- [YOUR ASSIGNMENT] With the images set aside, retype every record below character for character.

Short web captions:
▬▬▬▬▬▬▬▬▬▬

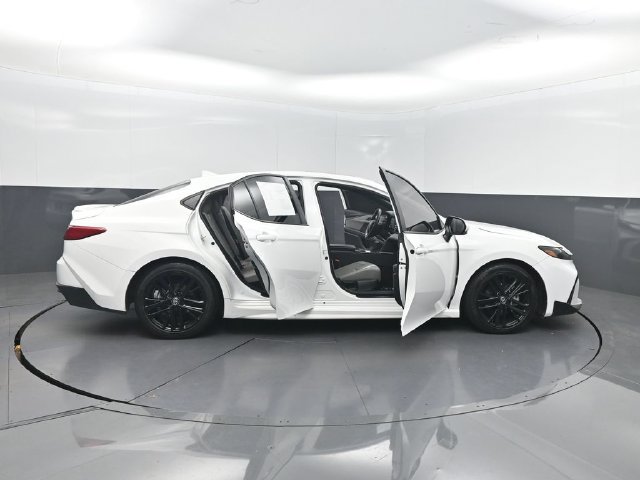Used 2025 Toyota Camry SE w/ Convenience Package FWD image 33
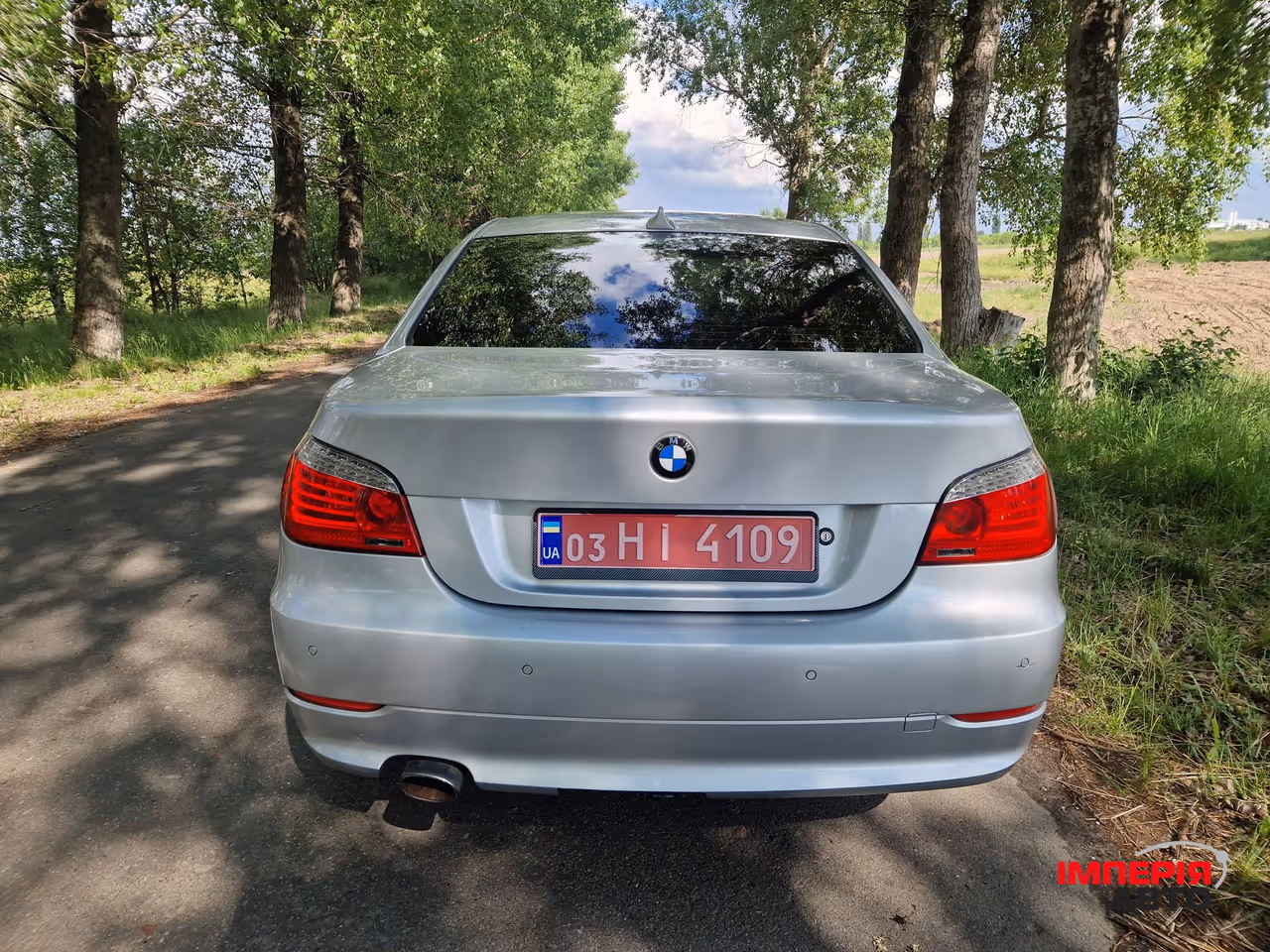BMW 5 серії - фото 10
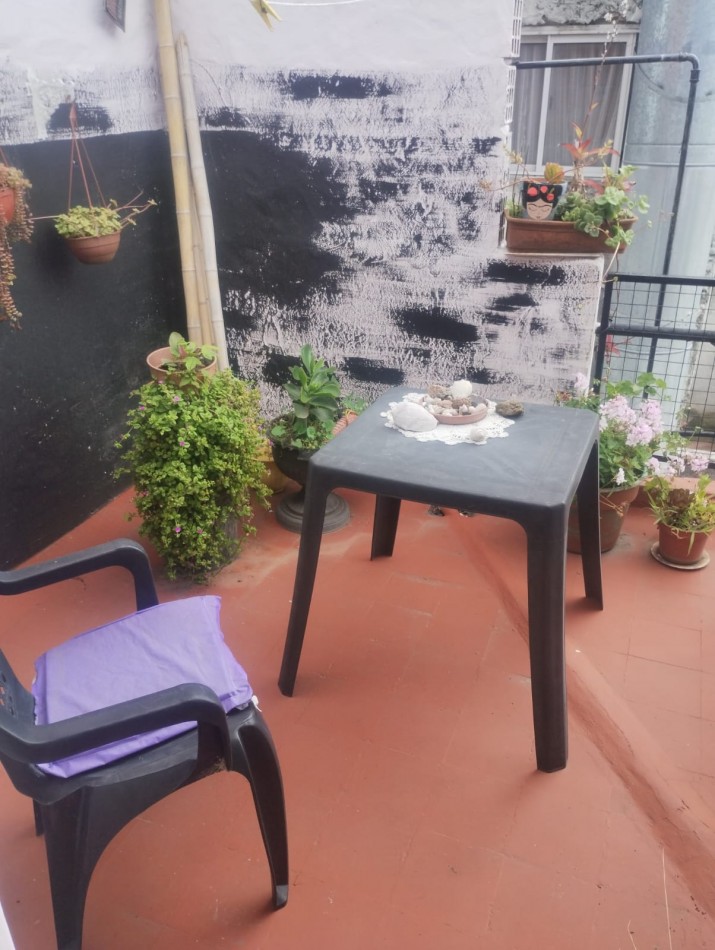 PH EN DUPLEX PLAZA ROCHA. 3 AMBIENTES CON BALCON Y DEPENDENCIA.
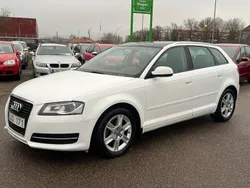 Vit Begagnad 2011 Audi A3 Sportback Attraction Halvkombi | 59 900 kr (Lite dyr)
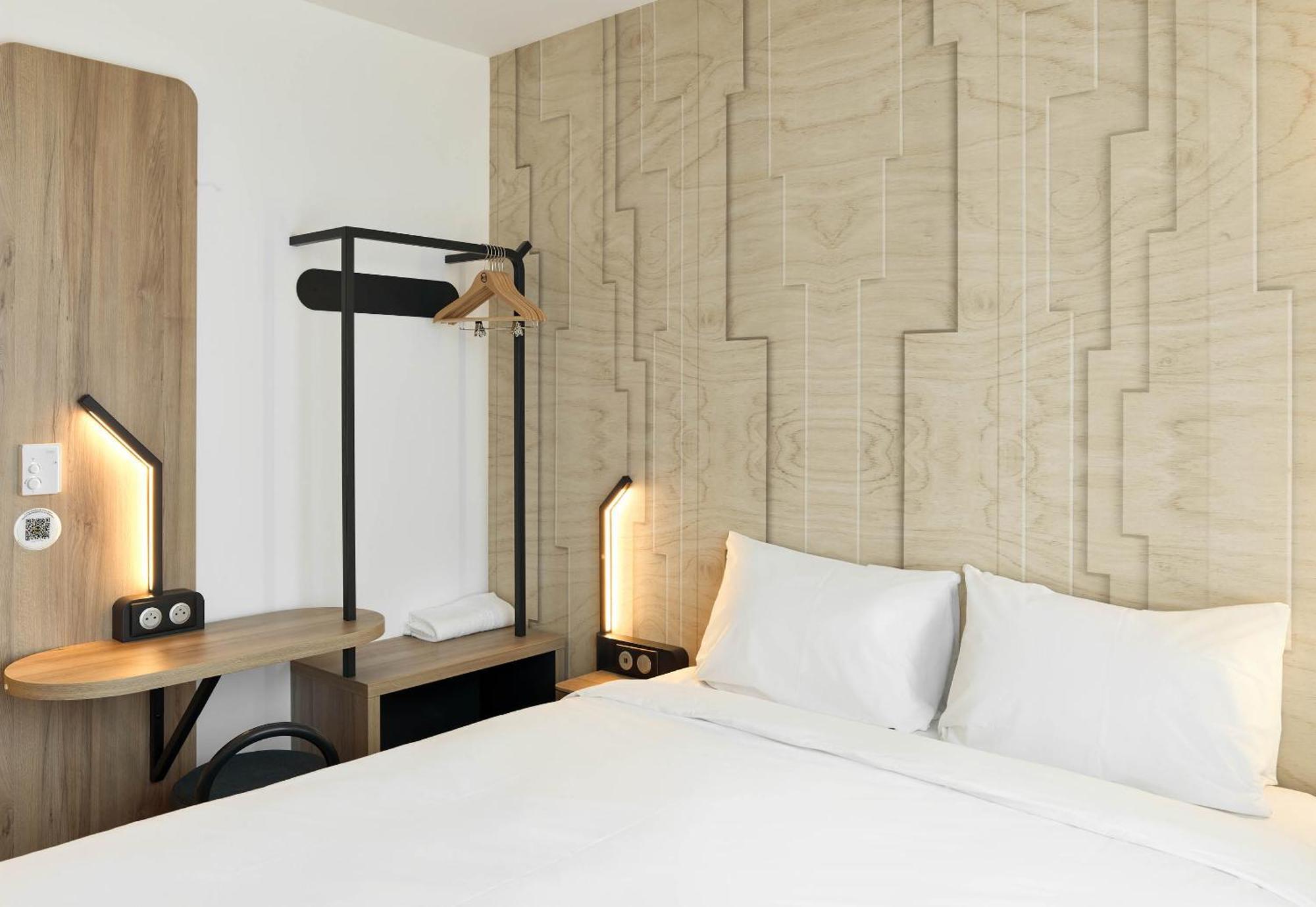 B&B Hotel Cergy Saint-Christophe Gare Екстериор снимка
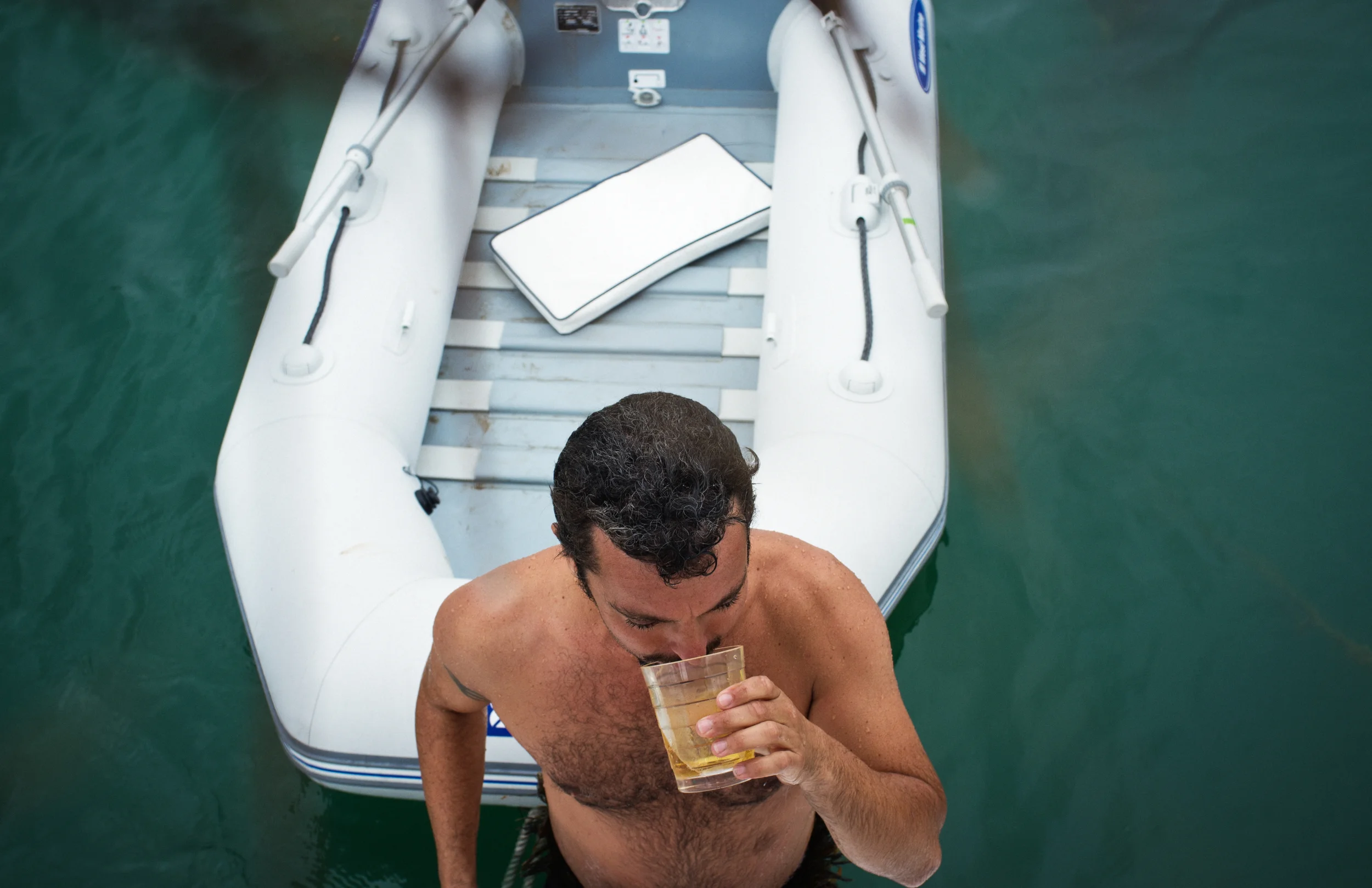 This 41ft hunter inspired some actions that MR HUNTER S. would of been proud of.&nbsp;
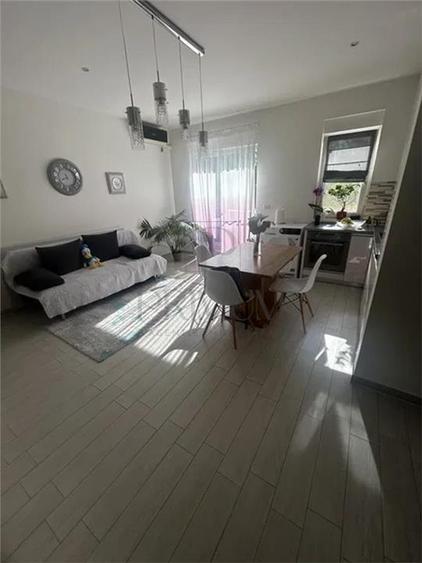 Apartament cu 3 camere decomandat, mobilat în Dumbrăvița
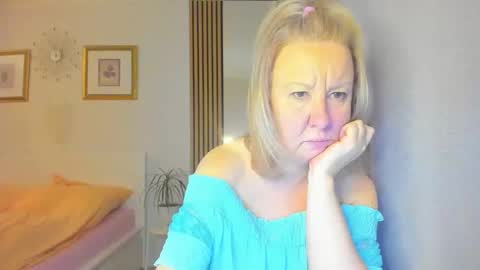 Nicole online show from 02/04/25, 05:23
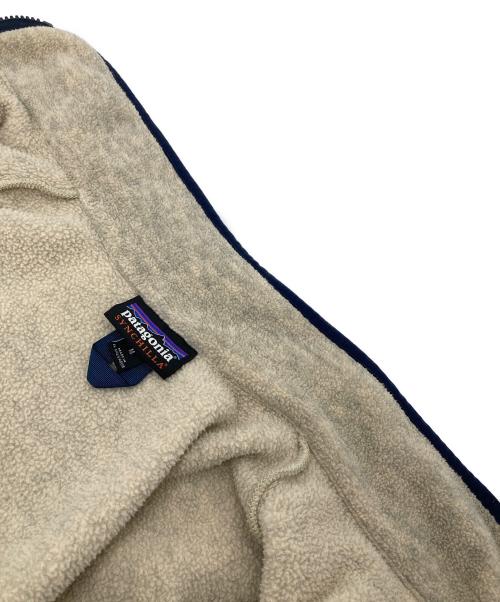Patagonia（パタゴニア）Patagonia (パタゴニア) Synchilla Vest シンチラベスト フリースベスト　SP23 ベージュ×ネイビー サイズ:Mの古着・服飾アイテム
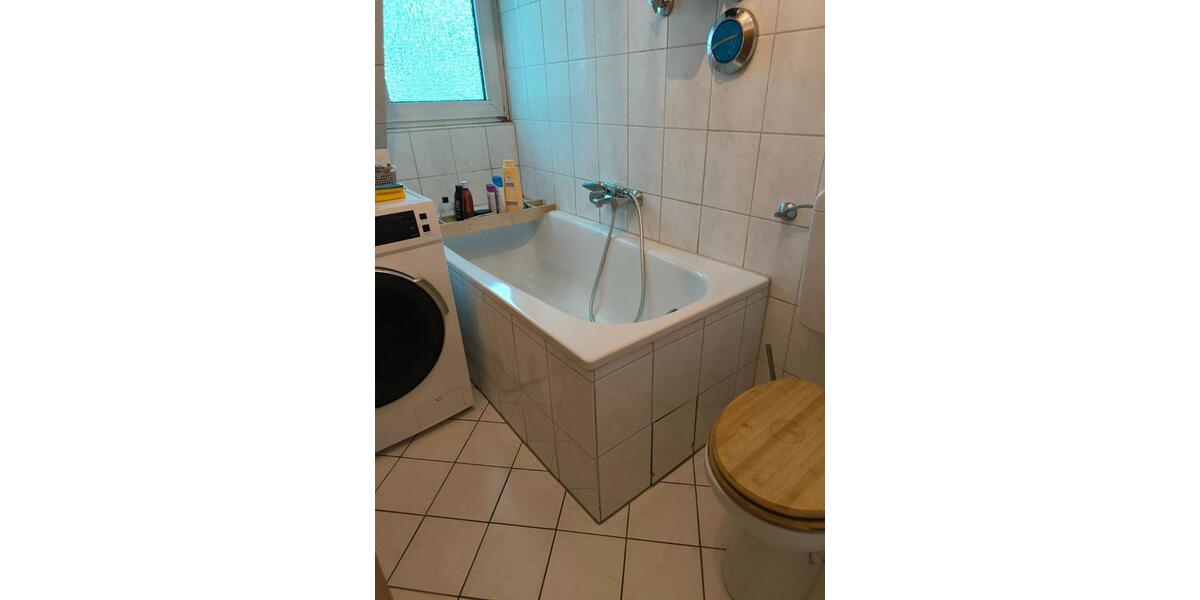 Dachgeschoßwohnung Gelsenkirchen Gelsenkirchen-Nord - 2.5 Zimmer, 50 m&sup2;, 289&euro; | Angebot:26699824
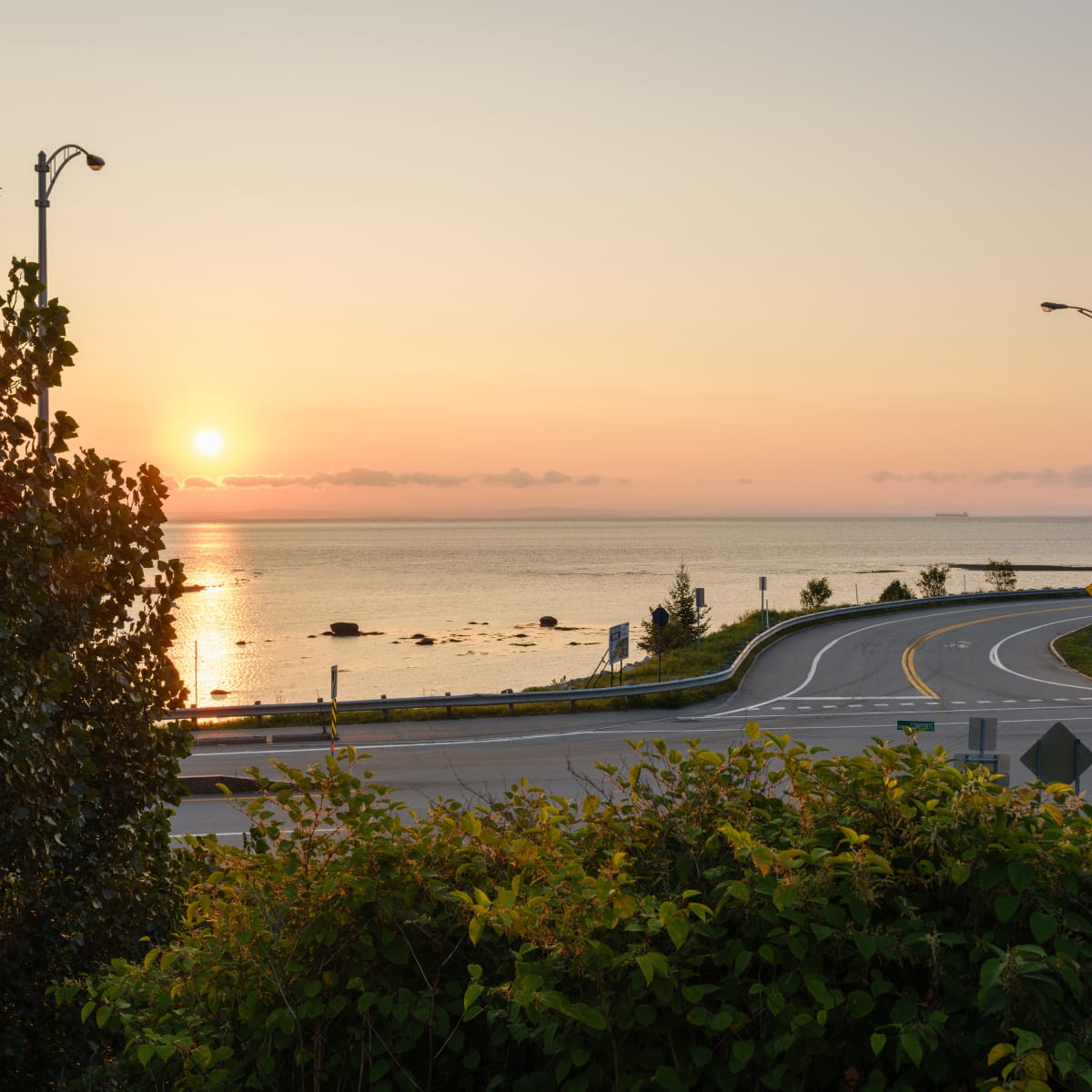 Coucher de soleil au bord de la route à La Malbaie.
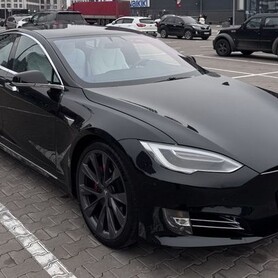 229 Прокат авто Tesla Model S Performance черный - авто на весілля у Києві - портфоліо 1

▬▬▬▬▬▬▬▬▬▬

- [PROBLEM SOLUTION]
Used 2025 Toyota Camry SE w/ Convenience Package FWD image 33
BMW 5 серії - фото 10
 PH EN DUPLEX PLAZA ROCHA. 3 AMBIENTES CON BALCON Y DEPENDENCIA.
 Vit Begagnad 2011 Audi A3 Sportback Attraction Halvkombi | 59 900 kr (Lite dyr)
 B&B Hotel Cergy Saint-Christophe Gare Екстериор снимка
 This 41ft hunter inspired some actions that MR HUNTER S. would of been proud of.&nbsp;
 Apartament cu 3 camere decomandat, mobilat în Dumbrăvița
 Nicole online show from 02/04/25, 05:23
Patagonia（パタゴニア）Patagonia (パタゴニア) Synchilla Vest シンチラベスト フリースベスト　SP23 ベージュ×ネイビー サイズ:Mの古着・服飾アイテム
 Dachgeschoßwohnung Gelsenkirchen Gelsenkirchen-Nord - 2.5 Zimmer, 50 m&sup2;, 289&euro; | Angebot:26699824
 Coucher de soleil au bord de la route à La Malbaie.
 229 Прокат авто Tesla Model S Performance черный - авто на весілля у Києві - портфоліо 1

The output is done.